The Power of Connections
Why human connection is the oldest technology we have, and why it's still the one that actually determines who thrives.
We tend to think of survival in individual terms. Strength. Intelligence. Resourcefulness. But the science tells a different story. Human beings didn't survive and thrive because we were the strongest or the fastest. We survived because we connected. We formed groups. We communicated. We cooperated.
Connection isn't a nice-to-have. It's the mechanism that kept us alive as a species. And that biological reality hasn't changed. The stakes look different now, we're not fending off predators, but the principle is identical. The people who thrive aren't the ones who go it alone. They're the ones who build strong, genuine relationships with others.
I've spent thirty years building a business, and the single most important lesson I've learned is this. Everything meaningful in my career came from a connection. Not a transaction. Not a pitch. A genuine, human connection where two people saw something in each other worth investing in.
Being able to see the good in others, to appreciate their hard work and see what their true intentions are, is part of developing a true connection.
Listening is the foundation
The strongest connections are built on listening. Not the kind of listening where you're waiting for your turn to talk. Real listening. The kind where you set your agenda aside and genuinely try to understand what someone else is experiencing.
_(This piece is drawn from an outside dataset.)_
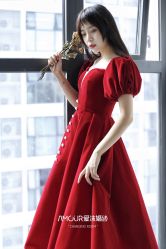 -AMOUR·爱沫婚纱礼服·小众设计品牌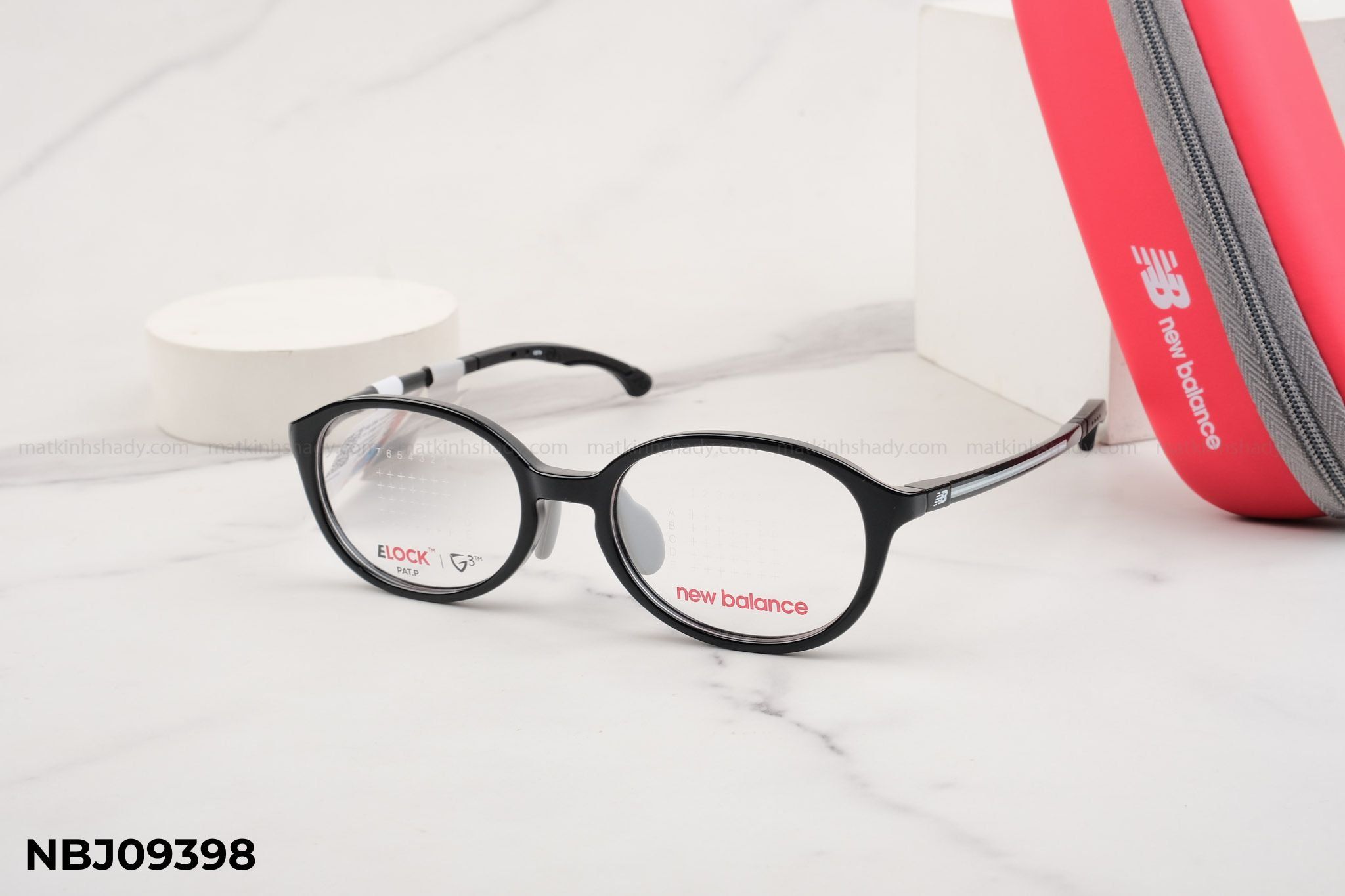  Gọng Kính Em Bé New Balance Eyewear - Glasses - NBJ09398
Empathy is the willingness to understand someone else's experience on their terms, not yours. It isn't a soft skill. It's the hardest skill there is. In practice, that means:
- Setting your own perspective aside long enough to actually hear someone else's.
- Resisting the urge to solve, fix, or advise immediately, because most of the time that's about your discomfort, not their need.
- Asking questions that show you're paying attention, not questions that move the conversation toward your agenda.
- Following up, because a conversation without follow-through is just noise.
In business, we talk a lot about networking. But networking without empathy is just collecting business cards. The real work, the work that builds partnerships lasting decades, happens when you stop performing and start connecting.
Quality over quantity, every time
Having five hundred LinkedIn connections means nothing. Having five people who will tell you the truth, challenge your thinking, and stand beside you during the hard parts, that means everything.
The most resilient people I know aren't the toughest individuals. They're the ones with the strongest networks of genuine relationships. When a crisis hits, they don't face it alone. When an opportunity arises, someone in their network sees it and makes the connection. When they're struggling, someone notices, because someone is actually paying attention.
Thriving through human bonds requires intentional practices that most people neglect:
- Vulnerability. Letting people see you when you're uncertain, not just when you're confident.
- Reciprocity. Investing in relationships before you need something from them.
- Presence. Being fully engaged in a conversation, not half-listening while planning your next move.
- Consistency. Showing up repeatedly, not just when it's convenient or advantageous.
Why collaboration beats competition
When competition becomes your default operating mode, you start seeing everyone as a threat instead of a potential ally. You hoard information. You avoid vulnerability. You optimize for personal credit rather than collective impact.
Collaboration does the opposite. It creates compounding returns that competition never can. Ideas get better because they're pressure-tested by people with different perspectives. Relationships deepen because trust is built through shared effort, not transactions. Opportunities multiply because a network of collaborators sees more doors than any individual. Resilience increases because you don't face setbacks alone.
Every major relationship in my career started with a simple act of genuine curiosity. Asking someone about their story. Listening without an agenda. And then showing up again. And again.
Connections are how we survived the savannah. Connections are how we navigate the boardroom. Connections are how we get through the hard seasons of life that nobody escapes. They are, and always have been, the most important technology humanity ever invented.